SBF Says FTX to Provide Around $6 million Compensation to Phishing Victims

SBF Says FTX to Provide Around $6 million Compensation to Phishing Victims.

A cryptocurrency exchange will compensate victims of a phishing scam by providing around $6 million in compensation. Hackers were able to transact unauthorized trades on certain accounts of FTX users thanks to the scam.

FTX SBF To Provide Compensation To Phishing Victims

On Oct. 23, FTX founder and CEO Sam Bankman-Fried tweeted that the exchange normally doesn’t compensate its users who are “phished by fake versions of other companies in the space,” but that it would in this case.

Bankman-Fried said this was a special instance and FTX would not repeat it in the future. “THIS IS NOT A PRECEDENT,”  he clarified, explaining that only FTX users would be reimbursed.

Read More: US Courts Approves The First Deal Between FTX and Troubled Digital Asset Lender Voyager

“But this once, we’ll do it; roughly $6m total. (To be clear, only for FTX accounts!  Hopefully other exchanges will comp theirs.) BUT AGAIN NOT A PRECEDENT, WE WILL NOT GOING FORWARD,” he said on his Twitter account

The Chronology

Phishing attacks recently led to attackers gaining application programming interface (API) keys for user accounts, enabling them to make unauthorized trades on crypto exchanges.

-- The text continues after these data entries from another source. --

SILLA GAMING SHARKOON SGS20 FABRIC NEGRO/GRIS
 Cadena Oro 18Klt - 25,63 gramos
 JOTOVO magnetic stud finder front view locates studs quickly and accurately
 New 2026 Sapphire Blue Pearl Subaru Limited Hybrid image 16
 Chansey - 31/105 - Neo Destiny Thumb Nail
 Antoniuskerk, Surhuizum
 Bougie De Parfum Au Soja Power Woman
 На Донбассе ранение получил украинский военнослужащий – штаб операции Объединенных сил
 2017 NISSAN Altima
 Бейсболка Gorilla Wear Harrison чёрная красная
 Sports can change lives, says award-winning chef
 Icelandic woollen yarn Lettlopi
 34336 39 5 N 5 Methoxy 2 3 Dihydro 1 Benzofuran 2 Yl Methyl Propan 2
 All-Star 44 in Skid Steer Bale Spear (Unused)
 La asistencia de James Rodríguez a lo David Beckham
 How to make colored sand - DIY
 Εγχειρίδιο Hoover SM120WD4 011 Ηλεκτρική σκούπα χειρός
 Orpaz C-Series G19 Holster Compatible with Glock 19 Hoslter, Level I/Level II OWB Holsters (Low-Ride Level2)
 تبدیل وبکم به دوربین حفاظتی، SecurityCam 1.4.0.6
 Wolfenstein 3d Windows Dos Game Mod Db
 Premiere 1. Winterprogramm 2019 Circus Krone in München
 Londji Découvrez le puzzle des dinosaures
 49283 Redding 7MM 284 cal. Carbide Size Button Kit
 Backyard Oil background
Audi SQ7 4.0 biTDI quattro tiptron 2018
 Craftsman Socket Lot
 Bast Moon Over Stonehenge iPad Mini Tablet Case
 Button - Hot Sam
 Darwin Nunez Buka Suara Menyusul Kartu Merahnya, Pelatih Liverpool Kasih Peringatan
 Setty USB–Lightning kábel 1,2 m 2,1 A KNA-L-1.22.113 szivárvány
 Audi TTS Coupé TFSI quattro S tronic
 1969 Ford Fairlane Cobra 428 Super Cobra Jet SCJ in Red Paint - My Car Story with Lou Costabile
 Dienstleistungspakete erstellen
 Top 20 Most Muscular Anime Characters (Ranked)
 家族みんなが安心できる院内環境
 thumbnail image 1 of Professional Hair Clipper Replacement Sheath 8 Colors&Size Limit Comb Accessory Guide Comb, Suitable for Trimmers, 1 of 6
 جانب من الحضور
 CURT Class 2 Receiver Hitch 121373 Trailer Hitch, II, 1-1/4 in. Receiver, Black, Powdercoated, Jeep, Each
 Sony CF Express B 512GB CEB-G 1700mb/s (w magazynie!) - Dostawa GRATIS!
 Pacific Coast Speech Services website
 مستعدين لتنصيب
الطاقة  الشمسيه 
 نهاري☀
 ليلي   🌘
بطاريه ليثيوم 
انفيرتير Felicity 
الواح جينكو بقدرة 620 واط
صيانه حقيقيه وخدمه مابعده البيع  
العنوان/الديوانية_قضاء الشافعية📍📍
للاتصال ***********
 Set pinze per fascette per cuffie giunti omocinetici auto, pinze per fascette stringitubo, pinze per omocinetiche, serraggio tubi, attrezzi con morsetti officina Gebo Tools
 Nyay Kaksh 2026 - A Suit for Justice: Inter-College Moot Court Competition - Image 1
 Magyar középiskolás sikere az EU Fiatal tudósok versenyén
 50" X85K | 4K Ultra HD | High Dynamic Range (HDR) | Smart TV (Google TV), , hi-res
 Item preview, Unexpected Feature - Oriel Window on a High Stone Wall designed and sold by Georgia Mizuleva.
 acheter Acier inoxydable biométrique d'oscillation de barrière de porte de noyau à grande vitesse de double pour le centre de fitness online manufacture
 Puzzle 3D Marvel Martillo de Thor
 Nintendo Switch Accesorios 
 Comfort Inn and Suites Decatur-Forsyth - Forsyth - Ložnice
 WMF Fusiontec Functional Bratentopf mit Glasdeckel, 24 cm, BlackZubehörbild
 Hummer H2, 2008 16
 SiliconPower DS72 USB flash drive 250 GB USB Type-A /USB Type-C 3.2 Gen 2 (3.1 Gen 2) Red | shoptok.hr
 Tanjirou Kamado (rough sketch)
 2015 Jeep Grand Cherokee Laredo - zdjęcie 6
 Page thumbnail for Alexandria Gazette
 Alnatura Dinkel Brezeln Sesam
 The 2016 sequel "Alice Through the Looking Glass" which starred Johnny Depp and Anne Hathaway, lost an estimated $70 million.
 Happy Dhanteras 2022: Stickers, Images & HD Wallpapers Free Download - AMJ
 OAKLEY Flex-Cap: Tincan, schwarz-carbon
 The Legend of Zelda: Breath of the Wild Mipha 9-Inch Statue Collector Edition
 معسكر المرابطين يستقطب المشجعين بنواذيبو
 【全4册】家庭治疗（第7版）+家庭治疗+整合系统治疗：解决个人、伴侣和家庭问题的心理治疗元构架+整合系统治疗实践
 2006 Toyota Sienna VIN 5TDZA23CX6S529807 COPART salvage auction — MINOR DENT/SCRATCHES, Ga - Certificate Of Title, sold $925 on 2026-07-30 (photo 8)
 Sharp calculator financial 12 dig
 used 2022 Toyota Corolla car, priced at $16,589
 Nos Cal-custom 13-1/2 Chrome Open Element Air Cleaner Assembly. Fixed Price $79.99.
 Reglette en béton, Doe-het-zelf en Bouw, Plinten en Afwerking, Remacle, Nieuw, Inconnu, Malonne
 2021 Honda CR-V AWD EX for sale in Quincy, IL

Previously, 3Commas was alerted to unauthorized trading by some of its users, which led to the discovery of the attack on October 21.

To avoid further losses, FTX and 3Commas suspended the suspicious accounts and disabled all compromised API keys following an initial investigation.

Read More: FTX CEO SBF Responses to Twitter Critics Regarding His Crypto Standard Proposal 

A blog post by Bankman-Fried on Oct. 19 outlined his thoughts on crypto regulation, which included a proposal he called the “5-5 standard,” in which hackers would keep either $5 million or 5% of their stolen funds.

According to his most recent tweet thread, he is asking the hacker to return 95%, approximately $5.7 million, of the stolen funds within 24 hours, saying, “we’ll absolve them.”

The crypto community has dubbed October “hacktober” since Chainalysis reported on Oct. 13 that October 2022 has been the “biggest month” in hacking activity ever.